Because a majority of what condor_diagnostics does is dictionary handling, creating generalized utility functions to map, zip, and reduce diff-dictionaries was an interesting challenge that I think resulted in more fluent code in the long run.

Project Vision

Greg’s ultimate vision for Schedd observability is being able to trace a Condor job system-wide and all of the observability benefits that accompany it. This project is focused on getting a per-machine breakdown of runtime information; distilling metrics further by job ID and having access points communicate this runtime information with each other is a logical next step towards this goal.

Project Deliverables

The main deliverable for this project is the condor_diagnostics script that is added to the bin directory. This Python script queries the Schedd periodically for runtime snapshots and “diffs” these snapshots together to paint a picture of the runtime composition of a given moment in time.

The console mode of the script was the first to be written, and displays a hierarchical overview of the runtime categories and the users within them, with color to highlight certain calls that take a high proportion of runtime. Many flags are included to tweak things like sample window, minimum print threshold, and parameterizing the weighted moving average. The graphical mode renders an interactive flame-graph of this data in a window, and otherwise is as configurable as the console mode.

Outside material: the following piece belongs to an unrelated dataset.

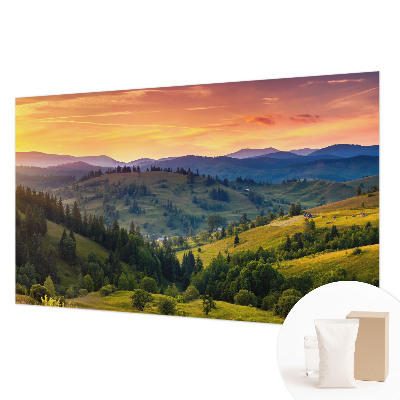 Vlies-Fototapete fürs Wohnzimmer mit einer Berglandschaft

An additional phase of the project was creating a proof-of-concept for a pipeline that can transform the output of condor_diagnostics into a prometheus data format, then send it to Grafana for visualization. This was accomplished using a Docker-Compose stack that runs on an access point.

Project Outcome

The goal of “observability” is broad enough in scope that it is difficult to determine quantitatively what constitutes improvement, but it is now possible to connect to a Schedd by name, and determine:

What commands, timers or tasks are hogging the process
Who could be overloading the system with commands like watch condor_q
When problems occur (transiently? periodically?) using Grafana

There is also an opportunity to use this script to monitor “test suites” of jobs for performance bottlenecks and other improvements.

Lessons Learned

This project has taught me a lot about dealing with large codebases and the challenges that come with them. I had never seen so many macros in use before, and cataloging them in a notebook was invaluable in understanding what certain functions were actually doing under the syntax. Further, taking notes on sections of Schedd and DaemonCore code was invaluable for being able to chunk parts of the system in my head.

Per Greg’s reading list, I read “Fluent Python” throughout the process of writing condor_diagnostics and tried to actively implement what I read about. I noticed myself using list and dictionary comprehensions much more often, and I felt that this resulted in much more readable code.

In the second phase of the project, I learned a lot of Docker tidbits from tying everything together. I was functional with it before, but after debugging network and file system errors for a while I am much more confident in writing Dockerfiles in the future.

Project Material Links and Descriptions

condor_diagnostics_prometheus: The proof-of-concept Docker stack
https://www.brendangregg.com: The holy grail of performance monitoring
Category Theory For Programmers: Not used directly, but made me think a lot about reducing computation, types, and transformations to their purest form.